‘Mental anguish’ and wider problems with IPP sentences | Letters

Nicolas Sanderson, who was involved in the creation of the sentence, corrects a common mistake. Mark Day says the government should eradicate this stain on our justice system

I would like to correct a widely repeated mistake about the indeterminate sentence for public protection (IPP), to the effect that it was “applied far more widely than intended” (‘Psychological torture’: call for reform after jail death, 10 January). I am the former head of policy in the Prison Service, and was involved in the creation of the sentence.

IPP was the invention of David Blunkett in 2001, against the advice of officials.

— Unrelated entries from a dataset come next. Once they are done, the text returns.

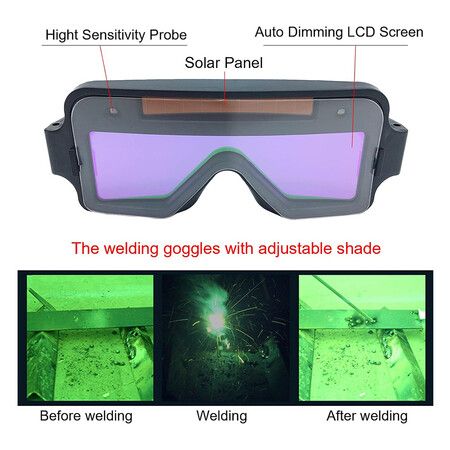 Welding Goggles Auto Darkening,Solar Auto Darkening Welding Glasses Over Glasses Mask Helmet, Welder Safety Eye Protection PC Glasses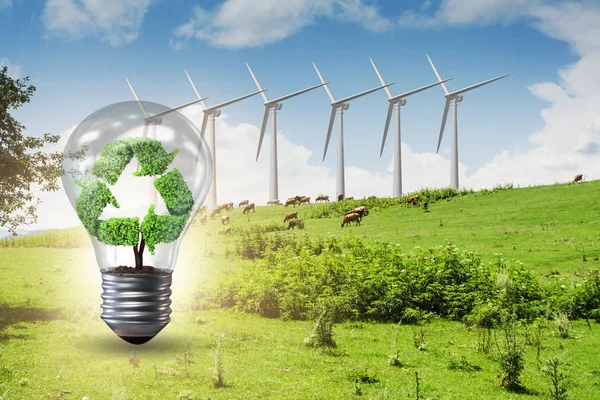 Alternatives Energiekonzept mit Windrädern — Stockfoto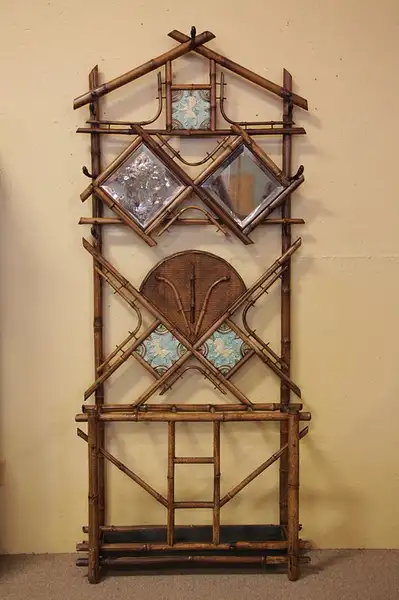 Main image of Victorian Bamboo Hall Stand, Painted Tiles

He rejected the scheme for violent or sexual offenders proposed in a Home Office review of sentencing (Making Punishments Work), namely a determinate sentence with a review of the release date by the Parole Board, and a supervisory period that could be extended by the court.

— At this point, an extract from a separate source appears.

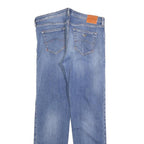 ARMANI JEANS Womens Regular Fit Blue Denim Stone Wash W32 L30 Distressed Zip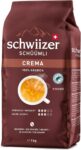 Schwiizer Schüümli Crema 1 kg Whole Coffee Beans for Automatic Machines, Intensity 3/5, Medium Roast, 100% Arabica, Rainforest Alliance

Instead he mandated the IPP and it was applied precisely as intended and as set down in statute, with all the consequences that officials pointed out at the time. Most importantly, its application was mandatory upon the courts on a second conviction for a sexual or violent offence, however minor the actual behaviour. One of its first uses was where a man had squeezed a woman’s breast at a bus stop, and had a previous similar conviction: the court was obliged to impose an IPP. All the problems that have come to pass were glaringly apparent in that conviction.
Nicolas Sanderson
London

• The mental anguish inflicted on nearly 2,600 people serving the discredited and now abolished IPP is indicated in the shocking self-harm rates for this group. IPP prisoners are more than twice as likely to self-harm as people serving determinate sentences, with 872 incidents of self-harm per 1,000 IPP prisoners – a rate that has more than doubled over the past five years. In advice to ministers published in 2016, the Parole Board set out policy options for expediting the release of the remaining IPP population, as well as dealing with the growing problem of IPP recalls.

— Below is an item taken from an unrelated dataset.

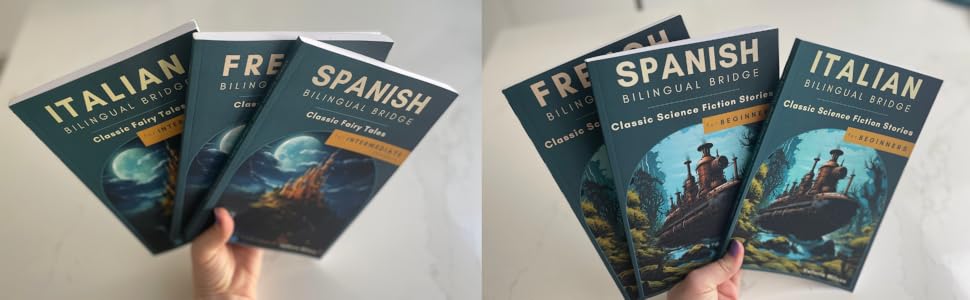 Hand holding all three books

Without further legislation the board estimated that more than 1,000 IPP prisoners will remain stuck in the system by 2020, eight years after the sentence was abolished. Proposals for reform include conversion of IPP sentences into their equivalent determinate sentence, which could start with those on the shortest tariffs who have experienced the greatest injustice, and improvements to the licence conditions and support available to IPP prisoners on release. The government should finish the job it started and eradicate a stain on our justice system once and for all.